SOURCE DATA START

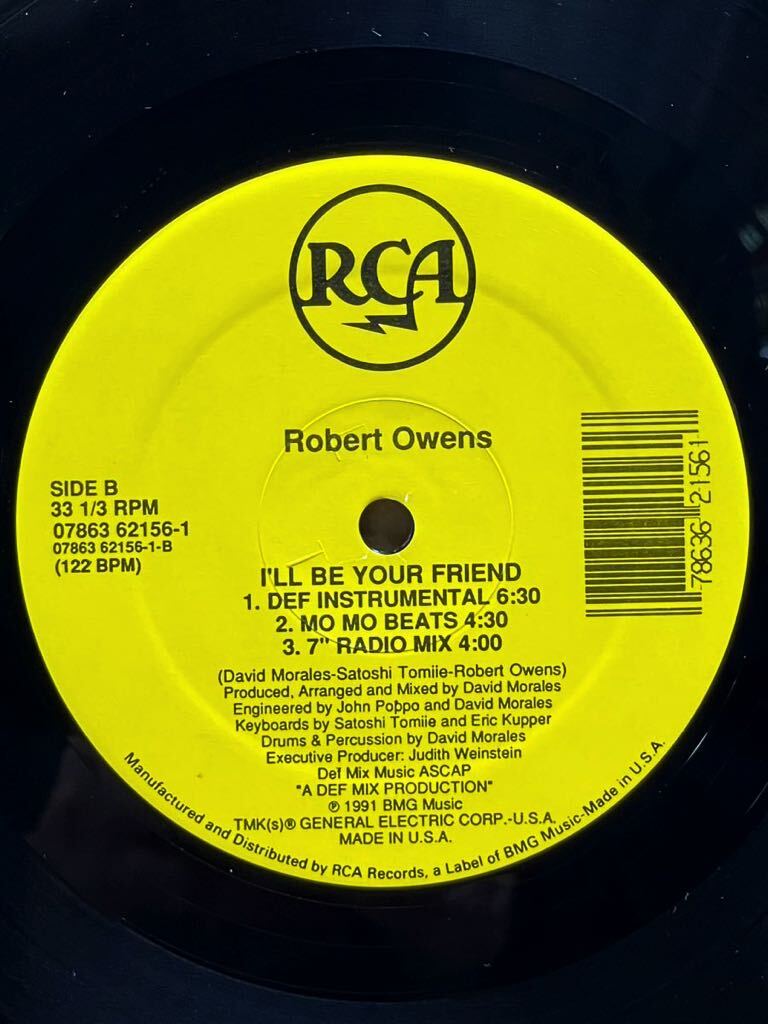 【 Remix by David Morales！！】【 Keyboards - Eric Kupper, Satoshi Tomiie 】Robert Owens - I'll Be Your Friend ,RCA-07863 62156-1 _画像4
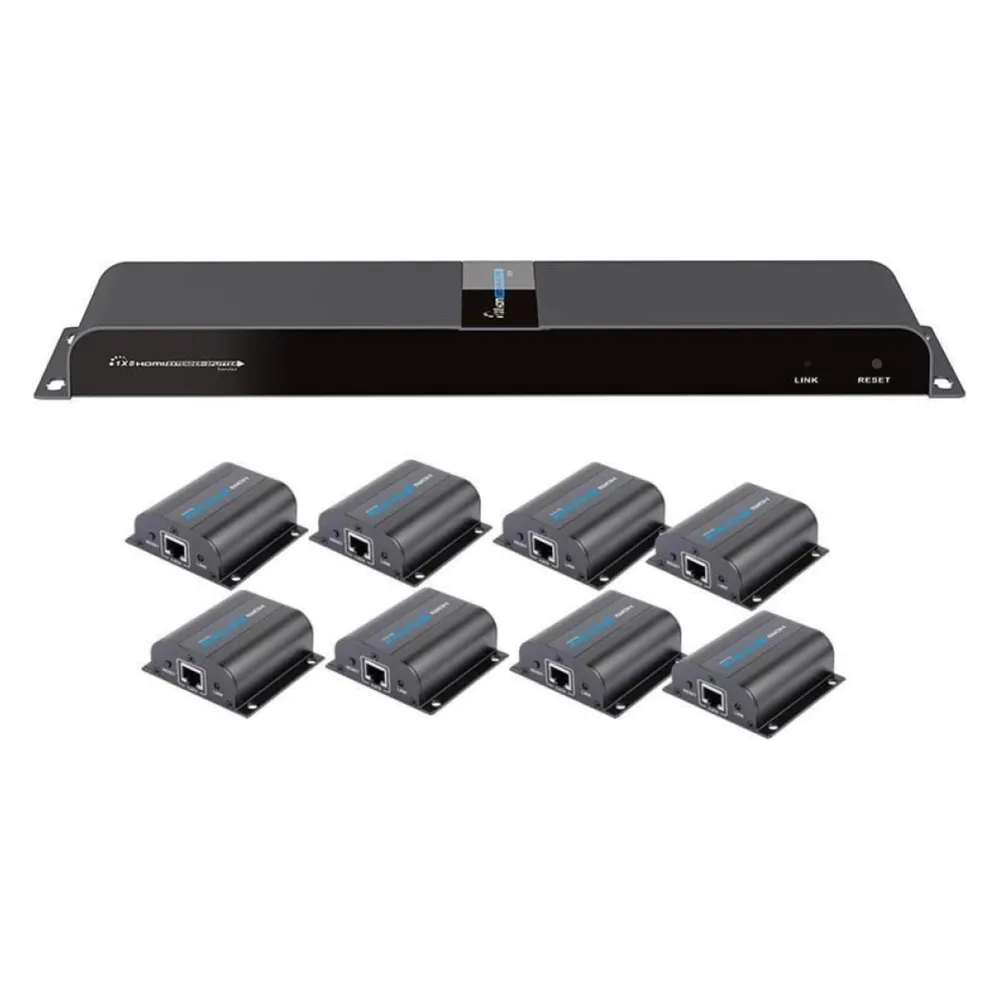 Techly HDMI 1x8 Extender Splitter over CAT6/6a/7 50m with IR pass-back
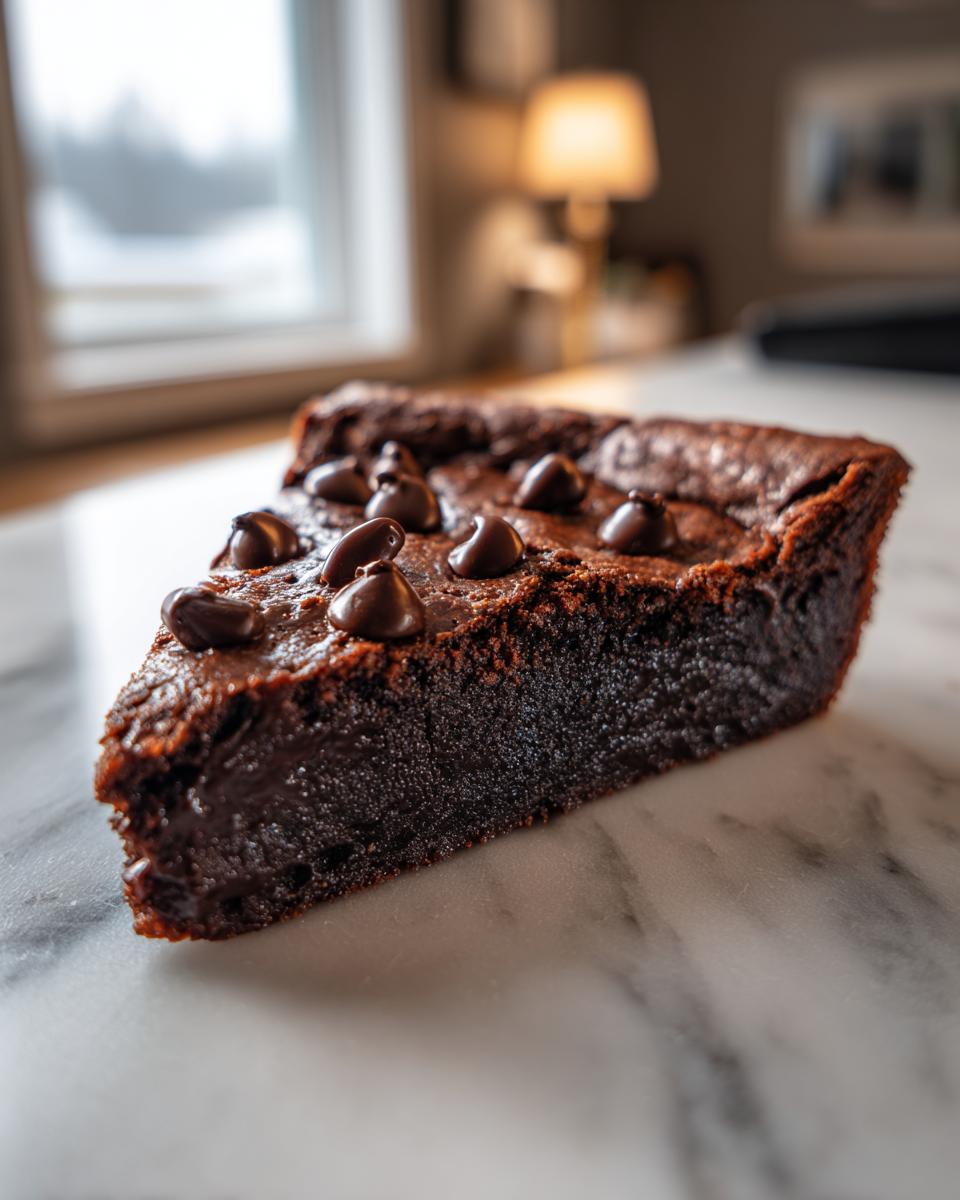 A decadent slice of hot fudge pie, featuring a dense, fudgy interior and topped with melted chocolate chips.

SOURCE DATA END

### YOUR INSTRUCTIONS
From the first line to the last, transcribe the listing exactly; skip the pictures.

### RESULT FOR THIS TASK
 【 Remix by David Morales！！】【 Keyboards - Eric Kupper, Satoshi Tomiie 】Robert Owens - I'll Be Your Friend ,RCA-07863 62156-1 _画像4
 Techly HDMI 1x8 Extender Splitter over CAT6/6a/7 50m with IR pass-back
 A decadent slice of hot fudge pie, featuring a dense, fudgy interior and topped with melted chocolate chips.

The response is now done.